Section 4 : Neural networks
Commentary
Section Goals
- To introduce the concepts and principles of neural networks.
- To discuss several learning algorithms associated with neural networks.
Learning Objectives
Learning Objective 1
- Outline the basic concepts and structures of neurons and neural networks.
- Describe the structures, principles, and capabilities of single layer feed-forward neural networks (perceptions) and multilayer feed-forward neural networks.
- Explain the learning algorithms for both kinds of neural network: gradient descent learning and back-propagation.
- Discuss topics such as structural learning of neural networks and recurrent neural networks.
- Explain the following concepts or terms:
- Neuron
- Neural networks
- Connectionism
- Neural computation
- Activation function
- Sigmoid function
- Feed-forward networks
- Recurrent network
- Perceptron
- Linear separator
- Weight space
- Back-propagate
Objective Readings
Required readings:
Reading topics:
Neural Networks (see Section 18.7 of AIMA3ed)
Lee, P. Y., Hui, S. C., Fong, A. C. M. (2002). Neural networks for web content filtering. IEEE Intelligent Systems, 17(5), 48-57. Digital Object Identifier 10.1109/MIS.2002.1039832
Supplemental Readings
Jönsson, H., Söderberg, B. (2002). An information-based neural approach to generic constraint satisfaction. Artificial Intelligence, 142(1), 1-17.

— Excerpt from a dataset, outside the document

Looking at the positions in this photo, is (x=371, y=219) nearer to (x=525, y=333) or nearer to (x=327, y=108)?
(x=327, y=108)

Hansen, J. V., McDonald, J. B., Nelson, R. D. (1999). Time series prediction with genetic-algorithm designed neural networks: An empirical comparison with modern statistical models. Computational Intelligence, 15(3), 171-184.
Objective Questions
- When representing knowledge, what is the main difference between neural networks and other methods, such as logics and probability models?
- What are the differences in expressiveness between perceptron, multi-layer feed-forward neural networks, and recurrent neural networks?
Objective Activities
- Explore freely some open source neural network software. Share your findings with your fellow students through the course conference.
- Explore different applications of neural networks in different fields.
- Explore the following learning algorithms for neural networks related to this section from the textbook's website.
- Perceptron-Learning
- Back-Prop-Learning
- Complete Exercise 18.19 and Complete Exercise 18.22 of AIMA3ed.